### Exercise instructions
Quote the records in full and leave their pictures out.

-------

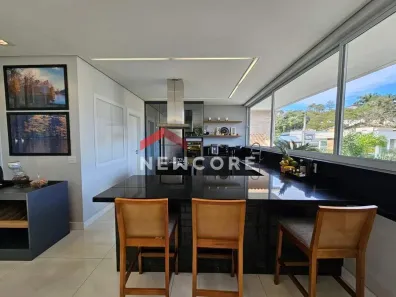 Casa de Condomínio com 3 Quartos à venda, 360m² no Quintas do Ingaí, Santana de Parnaíba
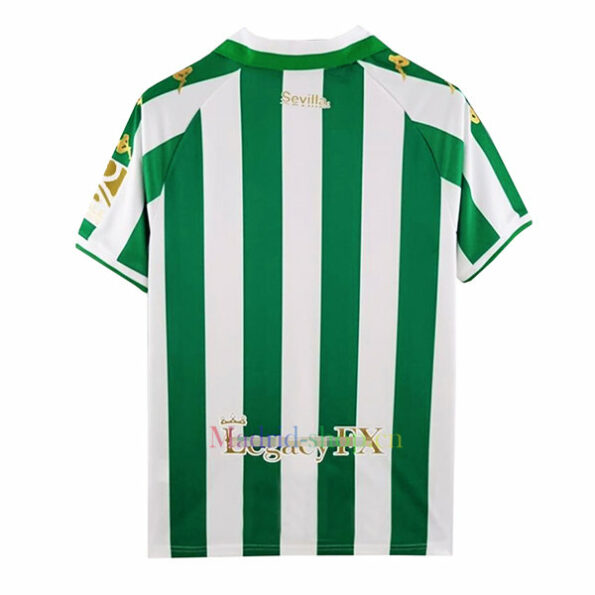 Maglia Real Betis 2022/23 Final Edition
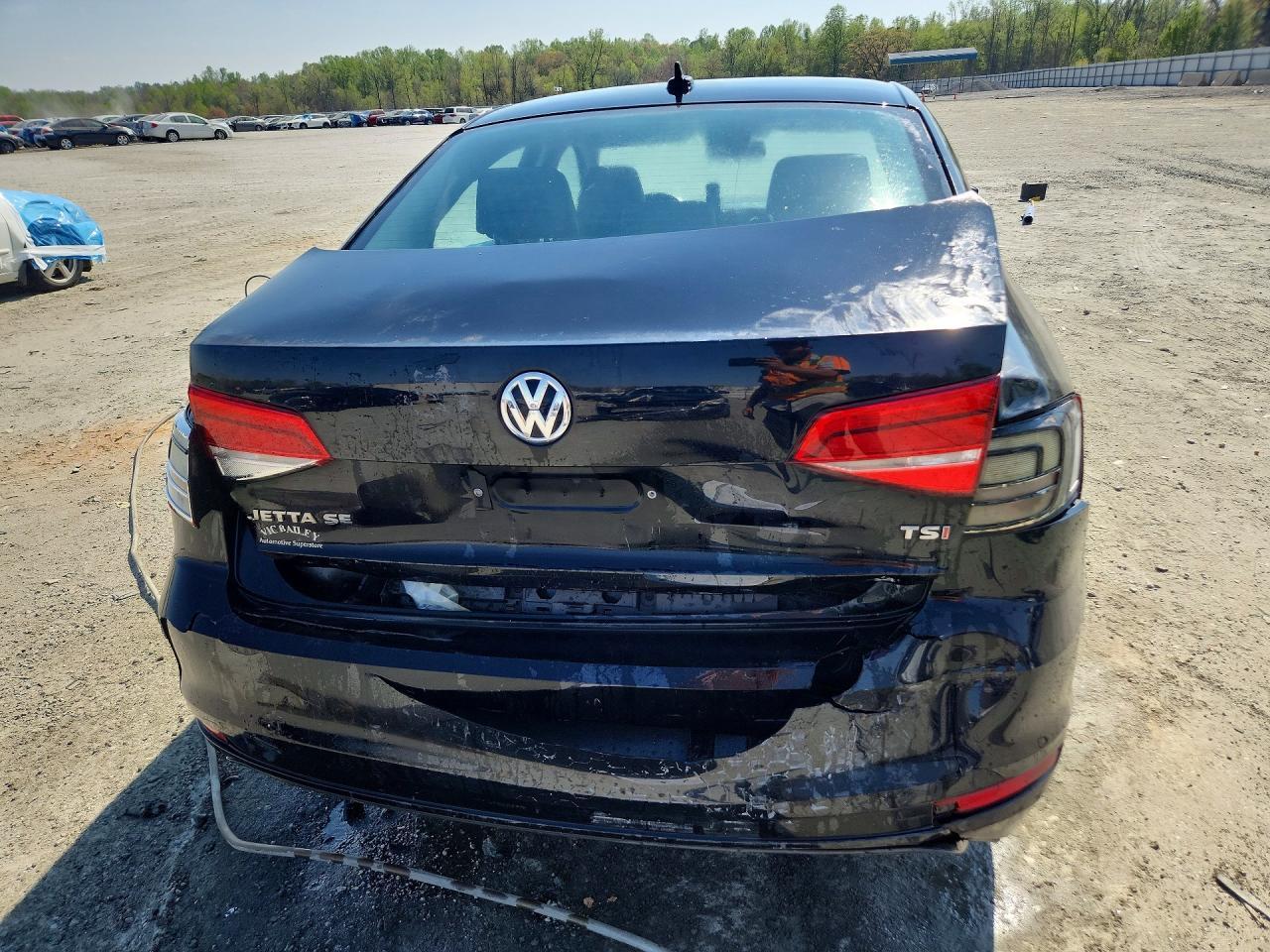 2015 VOLKSWAGEN JETTA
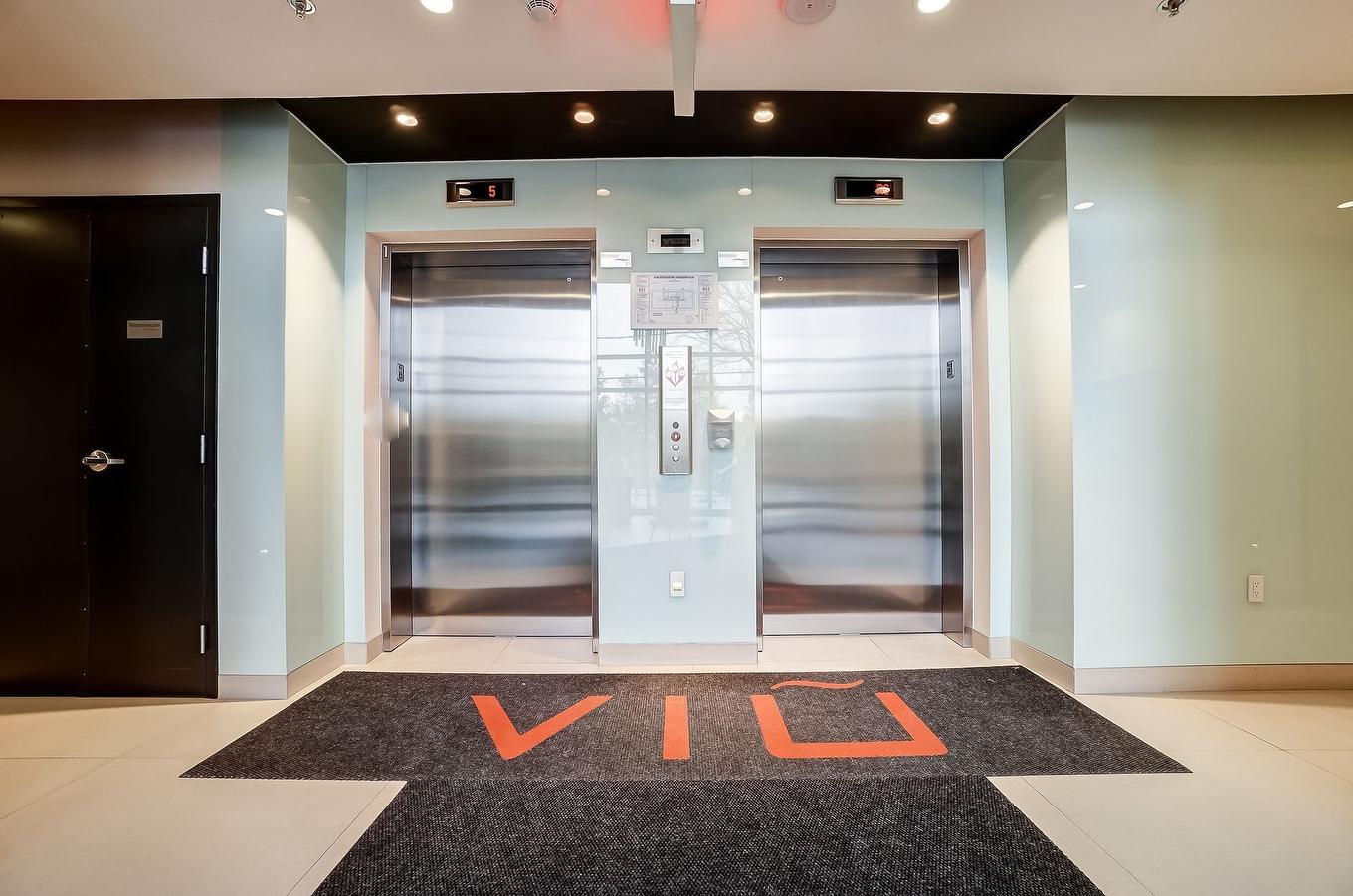 Ascenseur - 1503-185 Rue Laurier, Gatineau (Hull), QC - Indoor Photo Showing Other Room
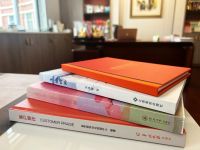 星艺装饰松江公司总经理周文娟：装修，是我一辈子的事业！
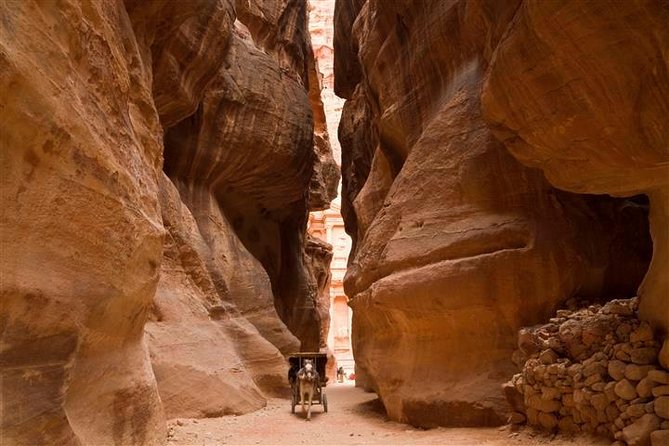 Petra and Wadi Rum 2 day Tour from Eilat - Value and price: what $350 buys, and what you should budget on top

-------

### Written response
 Casa de Condomínio com 3 Quartos à venda, 360m² no Quintas do Ingaí, Santana de Parnaíba
 Maglia Real Betis 2022/23 Final Edition
 2015 VOLKSWAGEN JETTA
 Ascenseur - 1503-185 Rue Laurier, Gatineau (Hull), QC - Indoor Photo Showing Other Room
 星艺装饰松江公司总经理周文娟：装修，是我一辈子的事业！
 Petra and Wadi Rum 2 day Tour from Eilat - Value and price: what $350 buys, and what you should budget on top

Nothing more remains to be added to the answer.